The 1955 Lincoln-Mercury Futura, for example, starred in a Hollywood movie, and eventually became a Batmobile in the 1960s Batman TV series.
Making sense of change is a common theme among concept car designers at the moment.
For generations car companies have been focused on making petrol or diesel models that appeal to individual drivers.
But the current move towards electrification, the headlong development of self-driving technology and the likely expansion of shared use vehicles, potentially threatens the very existence of traditional manufacturers.
If we really are heading for a world where city dwellers - at least one day - rely on electric-powered robot taxis to get around, car brands will have to adapt or face extinction as their traditional business models collapse.
Renault has chosen to address this uncertainty by embracing it.
The French manufacturer has produced a whole fleet of concepts, offering different perspectives on this electrified, automated future.
They include a car which actually becomes part of your living room, a large robot-taxi designed to transport a large group of people at once, and an automated delivery van.
At the Paris Motor Show recently, it launched the EZ-Ultimo, a sleek driverless luxury limousine with wooden floors, and styling modelled on the radical Prada store building in Tokyo.
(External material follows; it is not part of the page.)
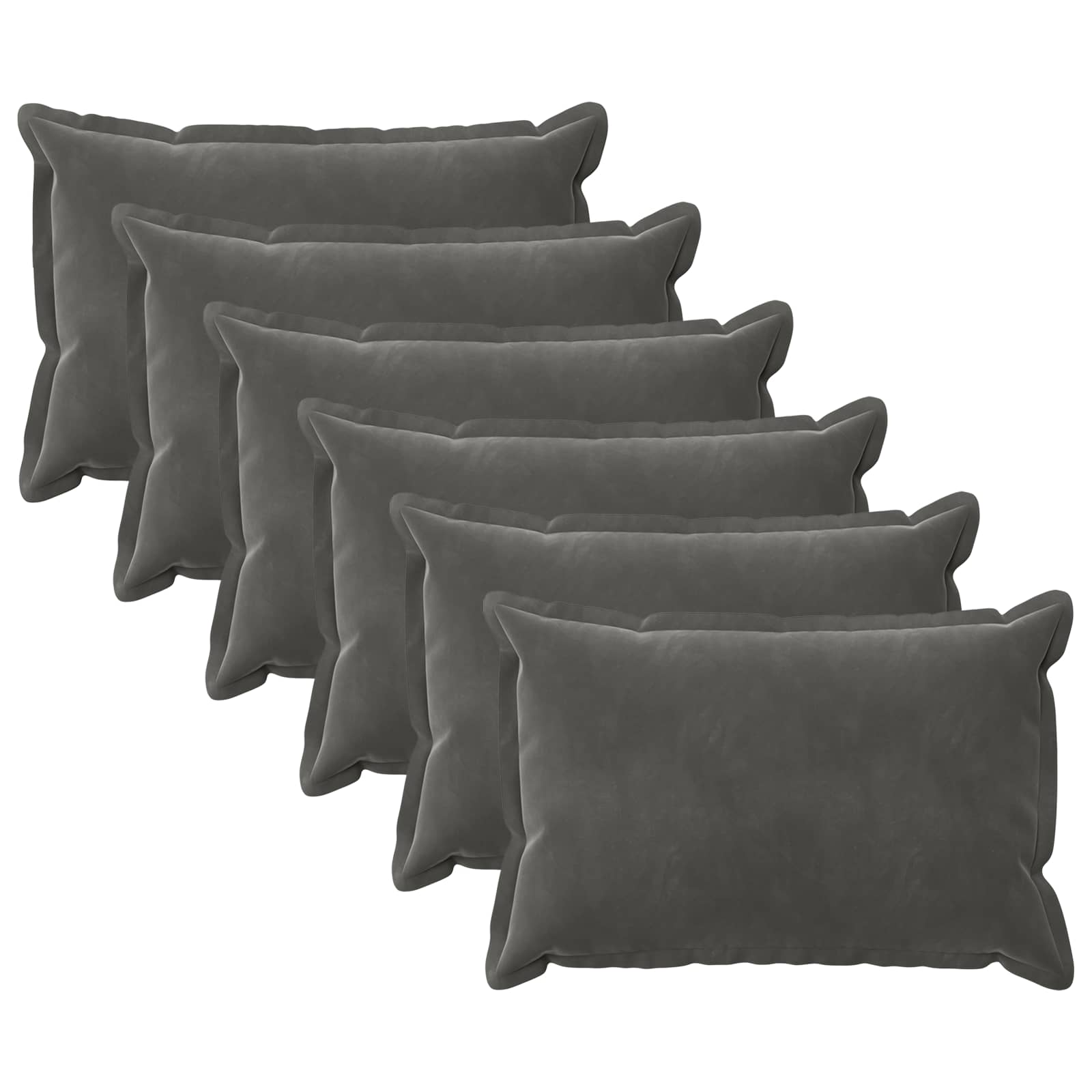 Κάλυμμα Μαξιλαριού 6 pcs HOUTEN Σκούρο Γκρι 50 x 75 cm Βελούδο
It certainly looks striking.
"This is part of our vision for urban mobility, for smart cities," says the company's chief designer, Laurens van den Acker.
"We think that this future is going to be increasingly autonomous, more connected and shared. That means you won't own a car any more. But you will be able to access a service.
"And you might, once in a while, want to enjoy a luxury experience."
Part of the challenge seems to be to show that the car of the future can still be desirable.
Peugeot, for example, has spent a year working on the e-Legend, a retro-styled coupe which harks back to a classic design of the 1960s and 1970s.
A throwback on the outside, but thoroughly futuristic on the inside, it is a vision of how an electric sports car - with self-driving as an option - could still get pulses racing.
"Just because we will be integrating a lot of technology with electric and autonomous cars, that doesn't mean the overall experience has to be cold and unemotional," says head of design Matthias Hossan.
No-one can say for sure where exactly the car industry is heading. But by allowing designers to let their imaginations run free, carmakers can at least start to prepare themselves for an uncertain future - and gain some good publicity into the bargain.